Saturday 10 September 2016

Oxford City centre gardens to Woodstock Road the green way

I took the long way up to Woodstock Road, because it was a nice day, and hey, Pokémon, which involves going up the canal, across the footbridge into Jericho, an area which used to be canal slums, then a boho area where lots of my friends lived in dilapidated, chaotic house-shares, but which is now a fantastically expensive area full of cleverly renovated miniature terraced back-to-backs and overpriced new-build flats which vibrate to the sound of the passing trains, then take the university (Blavatnik School of Government)  architectural (Radcliffe Observatory) fireworks (Andrew Wiles Building) cut-through, before finally emerging at the bottom of Woodstock Road opposite the Royal Oak.

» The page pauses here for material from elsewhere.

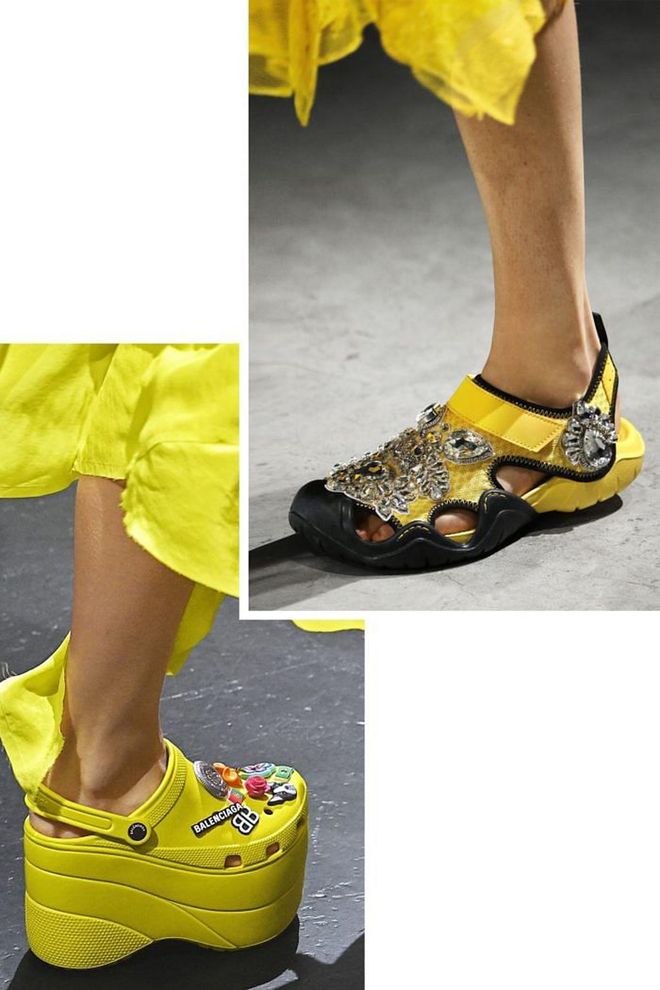 Getty
Demna Gvasalia hit a jolie-laide high with platform Crocs, but Christopher Kane, who showed the plastic clogs a year ago, was one step ahead with crystal-embellished water shoes.

Photo: Getty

This takes you past some very different garden approaches. At the start, you're walking past the oldest permanent narrowboat moorings in Oxford. The moorings are fully serviced and the boats have gardens, hedges, terraces, and a happy population of friendly, well-fed cats (as above). There are always good plants growing. Then you move through the warm streets of Jericho, where houses open directly onto the roads and many houses have no gardens; a world of small municipal trees and bare-rock invaders like Valerian, Stonecrop, and Buddleia, which sprouts from every unattended crevice, blown over from the railways. Then the emerging architectural innovation display area which is the ROQ - the Radcliffe Observatory Quarter -  where empty spaces are steadily being appropriated for astonishing buildings and green spaces punctuated with learning-appropriate artpieces, like the shiny silver tree in a freshly-planted Silver Birch grove shown above.

I wonder if the gardeners will wash the Silver Birches to match to art?